In his post McNutt used the term to describe scenes in which characters reveal plot and character development information during intimate scenes. Author George R. R. Martin said this technique is in line with the purpose of sexuality in the A Song of Ice and Fire books. As the show has to convey details of many characters and backstories from the books, sexposition is useful to deliver the information to viewers in condensed form.

The term has since been retroactively applied to similar practices in earlier works, including the HBO shows Deadwood and The Sopranos (frequently set in strip clubs), many older cop films (likewise), and the comic strip Jane. According to James Poniewozik, the novelty of the practice is not the nudity, but the manner in which it accompanies exposition, for which older TV shows with less complex plots did not have as much need.

==Criticism==
Some critics have disapproved of sexposition because, in their view, it uses inappropriate tactics, insults the audience's intelligence by appealing and succumbing to carnality and covers up the screenwriter's failure to build cohesive narratives, having to rely on long drawn out sequences of exposition made watchable only through appeals to sexuality. Writing in Salon, Lili Loofbourow criticized sexposition for catering almost exclusively to heterosexual men. Director Neil Marshall recalled during the filming of the second-season Game of Thrones episode "Blackwater" that one of the executive producers repeatedly urged him to add more full-frontal nudity. According to Marshall this executive producer explained to him: "[e]veryone else in the series is drama side. I represent the pervy side of the audience", an experience that Marshall described as "pretty surreal" to happen on the set of a major network production.

Game of Thrones showrunner David Benioff admitted that he does "pay less attention to intricate plot points delivered during sex scenes", and co-creator D. B. Weiss agreed, saying that "Sex grabs people's attention. But once it has their attention, it tends not to let go of it." While the effect is reportedly different for different directors, they say "Every one of those sex scenes is there because we wanted that particular scene in the show. There is not a sex scene quota from HBO." Time reported before the seventh season in 2017 that "Even if Benioff and Weiss don’t always admit it, the show has changed. Scenes in which exposition is delivered in one brothel or another, for example, have been pared back."

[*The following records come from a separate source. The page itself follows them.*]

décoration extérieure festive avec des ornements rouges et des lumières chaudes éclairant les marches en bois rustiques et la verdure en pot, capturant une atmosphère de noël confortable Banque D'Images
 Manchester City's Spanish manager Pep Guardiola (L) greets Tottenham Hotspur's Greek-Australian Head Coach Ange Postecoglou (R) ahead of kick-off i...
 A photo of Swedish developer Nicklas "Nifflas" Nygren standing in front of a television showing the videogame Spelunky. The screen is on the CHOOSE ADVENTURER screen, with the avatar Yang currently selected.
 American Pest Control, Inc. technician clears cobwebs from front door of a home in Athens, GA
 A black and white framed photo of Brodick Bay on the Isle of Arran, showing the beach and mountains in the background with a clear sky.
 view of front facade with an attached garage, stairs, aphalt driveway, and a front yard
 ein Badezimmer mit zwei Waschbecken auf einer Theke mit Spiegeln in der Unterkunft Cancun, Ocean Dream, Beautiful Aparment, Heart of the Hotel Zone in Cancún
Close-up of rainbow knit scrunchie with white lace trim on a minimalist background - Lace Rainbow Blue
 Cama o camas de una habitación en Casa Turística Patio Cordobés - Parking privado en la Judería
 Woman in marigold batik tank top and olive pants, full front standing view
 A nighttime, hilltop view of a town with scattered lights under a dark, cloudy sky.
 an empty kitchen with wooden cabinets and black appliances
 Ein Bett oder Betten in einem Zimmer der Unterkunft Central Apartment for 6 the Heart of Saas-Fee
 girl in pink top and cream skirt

Huffington Post critic Maureen Ryan contrasted sexposition—which she said was useful if used to convey much information that would otherwise be boring—with "H.B." ("Hey, boobs!"), which she described as scenes that only exist to show (usually female) nudity, when reviewing the premiere of Starz' Magic City (2012) series.

==Satire==
Fan site Winter is Coming cited an April 2012 sketch on Saturday Night Live as a satire of sexposition when discussing Marshall's anecdote. Aired before the Marshall interview was published, the skit purported to be an episode of HBO First Look featuring Adam Friedberg, 13-year-old "creative consultant" to Game of Thrones. Played by Andy Samberg, the teenage boy was proud of "mak[ing] sure there are lots of boobs" and various sexual acts during expository scenes. Author Martin (Bobby Moynihan) called Friedberg "a visionary. He knows that even when I didn't write sex into a scene, I was definitely thinking about it". The real Martin is aware of the skit, joking at San Diego Comic-Con that Friedberg could not attend because "[t]here was a scene in Belfast with no boobies in it" which he needed to fix.